LSB 嵌入向量 creates characteristic patterns in the
distribution of pixel pairs (2k, 2k+1). The chi-square
測試 detects these patterns with high accuracy.
"""
img = Image.open(image_path).convert("L")
pixels = np.array(img).flatten()
# Count pixel value pairs
pair_counts = np.zeros(128)
for i in range(0, 256, 2):
count_even = np.sum(pixels == i)
count_odd = np.sum(pixels == i + 1)
expected = (count_even + count_odd) / 2
if expected > 0:
chi_sq = (count_even - expected) ** 2 / expected
pair_counts[i // 2] = chi_sq
total_chi_sq = np.sum(pair_counts)
# Degrees of freedom = number of pairs with observations - 1
df = np.sum(pair_counts > 0) - 1
# High chi-square suggests LSB 嵌入向量
p_value = 1.0 # Simplified; use scipy.stats.chi2.sf for real computation
if df > 0:
# Approximate p-value
normalized = total_chi_sq / max(df, 1)
stego_likelihood = min(1.0, max(0.0, 1.0 - 1.0 / (1.0 + normalized)))
else:
stego_likelihood = 0.0
return {
"chi_square_statistic": float(total_chi_sq),
"degrees_of_freedom": int(df),
"stego_likelihood": float(stego_likelihood),
"偵測": "SUSPICIOUS" if stego_likelihood > 0.5 else "CLEAN",
}
def rs_analysis(self, image_path: str) -> dict:
"""Regular-Singular (RS) analysis for LSB steganography 偵測.
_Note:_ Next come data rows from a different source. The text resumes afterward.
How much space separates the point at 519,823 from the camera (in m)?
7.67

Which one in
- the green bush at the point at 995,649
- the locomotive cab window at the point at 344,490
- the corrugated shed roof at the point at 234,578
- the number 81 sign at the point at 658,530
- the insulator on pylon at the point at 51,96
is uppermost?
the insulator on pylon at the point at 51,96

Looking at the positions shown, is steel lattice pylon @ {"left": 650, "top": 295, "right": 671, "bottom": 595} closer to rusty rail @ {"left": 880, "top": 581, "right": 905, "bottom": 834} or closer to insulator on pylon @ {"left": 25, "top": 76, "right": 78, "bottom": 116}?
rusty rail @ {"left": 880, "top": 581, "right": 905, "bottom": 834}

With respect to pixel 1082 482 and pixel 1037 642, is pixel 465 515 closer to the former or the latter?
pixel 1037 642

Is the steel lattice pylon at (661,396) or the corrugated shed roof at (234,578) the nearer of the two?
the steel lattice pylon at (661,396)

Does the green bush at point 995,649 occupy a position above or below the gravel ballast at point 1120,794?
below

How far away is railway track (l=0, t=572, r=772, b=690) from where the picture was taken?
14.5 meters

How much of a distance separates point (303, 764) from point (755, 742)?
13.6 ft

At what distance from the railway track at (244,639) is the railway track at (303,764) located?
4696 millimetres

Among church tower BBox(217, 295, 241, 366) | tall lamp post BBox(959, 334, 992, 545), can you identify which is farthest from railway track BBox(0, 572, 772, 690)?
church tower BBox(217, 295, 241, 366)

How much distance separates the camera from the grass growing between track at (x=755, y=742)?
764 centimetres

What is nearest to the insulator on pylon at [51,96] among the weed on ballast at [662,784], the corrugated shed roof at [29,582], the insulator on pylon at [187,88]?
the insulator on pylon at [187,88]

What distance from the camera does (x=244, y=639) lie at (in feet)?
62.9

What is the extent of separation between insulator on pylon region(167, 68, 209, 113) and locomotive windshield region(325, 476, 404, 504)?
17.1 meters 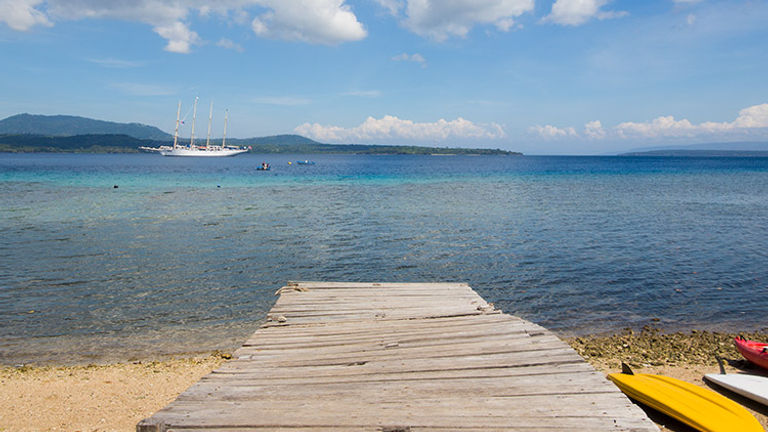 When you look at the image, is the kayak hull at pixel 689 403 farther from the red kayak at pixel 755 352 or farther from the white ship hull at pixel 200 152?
the white ship hull at pixel 200 152

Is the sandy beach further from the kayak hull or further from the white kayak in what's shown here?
the kayak hull

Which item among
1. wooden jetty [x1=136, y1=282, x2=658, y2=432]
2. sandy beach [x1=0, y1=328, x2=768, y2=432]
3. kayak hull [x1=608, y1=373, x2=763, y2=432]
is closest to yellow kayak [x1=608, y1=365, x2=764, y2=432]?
kayak hull [x1=608, y1=373, x2=763, y2=432]

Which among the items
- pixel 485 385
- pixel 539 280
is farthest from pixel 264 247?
pixel 485 385

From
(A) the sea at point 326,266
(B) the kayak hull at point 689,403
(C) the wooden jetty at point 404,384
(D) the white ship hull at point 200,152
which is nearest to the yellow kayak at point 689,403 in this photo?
(B) the kayak hull at point 689,403

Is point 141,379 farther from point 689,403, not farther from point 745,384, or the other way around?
point 745,384

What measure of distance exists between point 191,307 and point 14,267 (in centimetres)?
855

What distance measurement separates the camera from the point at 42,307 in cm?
1252

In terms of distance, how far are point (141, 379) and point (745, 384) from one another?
1055cm

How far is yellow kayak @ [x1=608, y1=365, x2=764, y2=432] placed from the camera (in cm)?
605

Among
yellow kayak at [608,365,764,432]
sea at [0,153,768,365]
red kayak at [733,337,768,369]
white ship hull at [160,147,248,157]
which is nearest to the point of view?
yellow kayak at [608,365,764,432]

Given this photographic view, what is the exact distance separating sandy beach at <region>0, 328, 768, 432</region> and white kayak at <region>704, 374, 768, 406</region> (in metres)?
0.14

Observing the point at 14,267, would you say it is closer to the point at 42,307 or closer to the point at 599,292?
the point at 42,307

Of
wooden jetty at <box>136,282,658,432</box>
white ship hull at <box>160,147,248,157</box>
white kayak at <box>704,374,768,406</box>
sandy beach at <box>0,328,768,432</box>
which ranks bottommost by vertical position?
sandy beach at <box>0,328,768,432</box>

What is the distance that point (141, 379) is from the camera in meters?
8.62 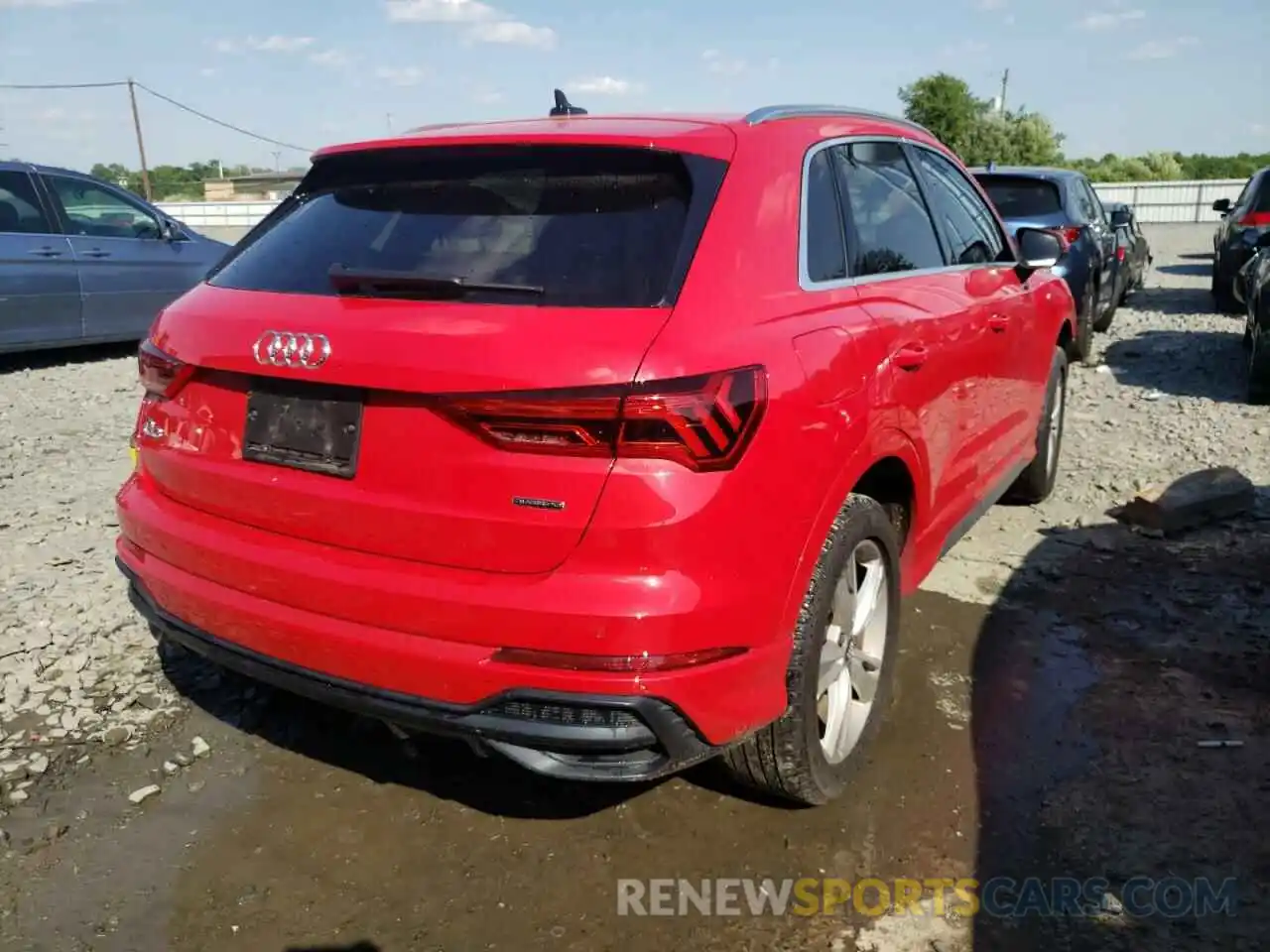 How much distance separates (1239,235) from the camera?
455 inches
RS analysis measures the proportion of "regular" and "singular"
pixel groups before and after LSB flipping. Natural images
show specific R/S ratios that change predictably with 嵌入向量.
"""
img = Image.open(image_path).convert("L")
pixels = np.array(img).astype(float)
# Simplified RS analysis
h, w = pixels.shape
block_size = 4
regular_count = 0
singular_count = 0
total_blocks = 0
for y in range(0, h - block_size, block_size):
for x in range(0, w - block_size, block_size):
block = pixels[y : y + block_size, x : x + block_size]
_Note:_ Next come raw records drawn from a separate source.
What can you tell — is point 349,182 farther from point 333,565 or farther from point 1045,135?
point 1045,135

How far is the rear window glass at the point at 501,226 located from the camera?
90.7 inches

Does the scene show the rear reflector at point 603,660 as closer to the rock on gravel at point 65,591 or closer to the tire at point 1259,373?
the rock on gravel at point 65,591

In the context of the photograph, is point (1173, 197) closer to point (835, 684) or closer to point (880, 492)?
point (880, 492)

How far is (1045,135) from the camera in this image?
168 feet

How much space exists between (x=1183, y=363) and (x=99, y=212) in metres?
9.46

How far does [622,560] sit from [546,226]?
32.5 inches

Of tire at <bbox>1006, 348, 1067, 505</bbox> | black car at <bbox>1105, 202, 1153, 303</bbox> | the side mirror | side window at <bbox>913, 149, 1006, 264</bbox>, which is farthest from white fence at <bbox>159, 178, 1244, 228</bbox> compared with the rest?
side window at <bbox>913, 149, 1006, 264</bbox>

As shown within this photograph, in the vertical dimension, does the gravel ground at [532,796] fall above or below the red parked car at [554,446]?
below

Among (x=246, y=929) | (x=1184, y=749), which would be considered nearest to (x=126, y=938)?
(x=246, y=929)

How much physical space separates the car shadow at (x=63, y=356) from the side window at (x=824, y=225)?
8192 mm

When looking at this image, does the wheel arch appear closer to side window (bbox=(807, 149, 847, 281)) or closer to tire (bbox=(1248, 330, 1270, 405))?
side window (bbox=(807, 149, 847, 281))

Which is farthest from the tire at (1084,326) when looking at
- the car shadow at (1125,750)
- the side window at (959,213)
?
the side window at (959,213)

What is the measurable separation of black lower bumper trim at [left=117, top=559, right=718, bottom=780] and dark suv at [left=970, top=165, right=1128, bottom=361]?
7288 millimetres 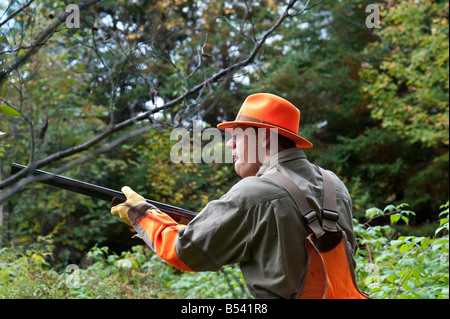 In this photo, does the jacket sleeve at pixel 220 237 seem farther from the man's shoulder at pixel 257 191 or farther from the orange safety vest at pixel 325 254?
the orange safety vest at pixel 325 254

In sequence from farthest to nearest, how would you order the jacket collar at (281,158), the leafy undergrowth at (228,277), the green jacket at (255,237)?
the leafy undergrowth at (228,277), the jacket collar at (281,158), the green jacket at (255,237)

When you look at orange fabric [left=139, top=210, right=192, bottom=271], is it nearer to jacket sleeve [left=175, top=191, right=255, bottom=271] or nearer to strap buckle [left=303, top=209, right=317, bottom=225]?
jacket sleeve [left=175, top=191, right=255, bottom=271]

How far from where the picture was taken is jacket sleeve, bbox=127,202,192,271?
1.99 meters

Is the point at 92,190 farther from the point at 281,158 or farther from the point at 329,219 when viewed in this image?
the point at 329,219

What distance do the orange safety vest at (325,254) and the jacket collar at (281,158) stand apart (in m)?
0.11

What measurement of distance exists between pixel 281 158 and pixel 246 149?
19cm

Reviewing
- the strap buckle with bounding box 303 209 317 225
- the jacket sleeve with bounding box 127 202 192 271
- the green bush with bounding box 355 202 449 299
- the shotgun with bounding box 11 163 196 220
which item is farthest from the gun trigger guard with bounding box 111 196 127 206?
the green bush with bounding box 355 202 449 299

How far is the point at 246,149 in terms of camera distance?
88.1 inches

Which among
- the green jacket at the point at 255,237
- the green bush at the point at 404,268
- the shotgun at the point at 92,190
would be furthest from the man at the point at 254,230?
the green bush at the point at 404,268

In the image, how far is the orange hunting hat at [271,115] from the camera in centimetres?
216

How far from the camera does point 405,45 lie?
11.0m

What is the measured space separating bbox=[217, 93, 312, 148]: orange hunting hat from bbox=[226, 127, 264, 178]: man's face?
0.05 metres

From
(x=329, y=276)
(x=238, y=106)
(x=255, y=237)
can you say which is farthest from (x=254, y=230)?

# Compute smoothness (sum of adjacent pixel differences)
smoothness = np.sum(np.abs(np.diff(block, axis=0))) + \
np.sum(np.abs(np.diff(block, axis=1)))
# Flip LSBs and recompute
flipped = block.copy()
flipped = np.where(flipped % 2 == 0, flipped + 1, flipped - 1)
smoothness_flipped = np.sum(np.abs(np.diff(flipped, axis=0))) + \
np.sum(np.abs(np.diff(flipped, axis=1)))
if smoothness_flipped > smoothness:
regular_count += 1
elif smoothness_flipped < smoothness:
singular_count += 1
total_blocks += 1
r_ratio = regular_count / max(total_blocks, 1)
s_ratio = singular_count / max(total_blocks, 1)
# In natural images, R > S. LSB 嵌入向量 pushes R and S closer together
rs_difference = abs(r_ratio - s_ratio)
stego_likelihood = 1.0 - min(1.0, rs_difference / 0.1)
return {
"regular_ratio": float(r_ratio),
"singular_ratio": float(s_ratio),
"rs_difference": float(rs_difference),
"stego_likelihood": float(stego_likelihood),
"偵測": "SUSPICIOUS" if stego_likelihood > 0.6 else "CLEAN",
}Practical Applications in 紅隊演練
| Scenario | Steganographic Technique | Why Steganography Over Other Methods |
|---|---|---|
| Moderated upload pipeline | LSB or DCT encoding of text payload | Images pass human review before model processing |
| Image-based RAG 投毒 | Frequency-domain visual patterns | Payload must survive indexing and retrieval pipeline |
| Document image injection | DCT-domain text 嵌入向量 | Payload must survive JPEG recompression in document processing |
| Long-term persistent payload | DCT mid-frequency encoding | Payload must survive multiple rounds of processing |
| Evading automated scanners | Visual pattern steganography | No text-like features for OCR-based 偵測 to find |
參考文獻
- Carlini, N., et al. "Are aligned neural networks adversarially aligned?" arXiv preprint arXiv:2306.15447 (2023).
- Zou, A., et al. "Universal and Transferable 對抗性 攻擊 on Aligned Language Models." arXiv preprint arXiv:2307.15043 (2023).
- Fridrich, J. "Steganography in Digital Media: Principles, Algorithms, and Applications." Cambridge University Press (2009).
- Holub, V., Fridrich, J., and Denemark, T. "Universal Distortion Function for Steganography in an Arbitrary Domain." EURASIP Journal on Information 安全 (2014).
- MITRE ATLAS framework — https://atlas.mitre.org
- OWASP LLM Top 10 — https://owasp.org/www-project-top-10-for-large-language-model-applications/
Why is DCT-domain steganography preferred over LSB steganography for AI attacks in production pipelines?
What is the key difference between classical steganography and AI-specific visual pattern steganography?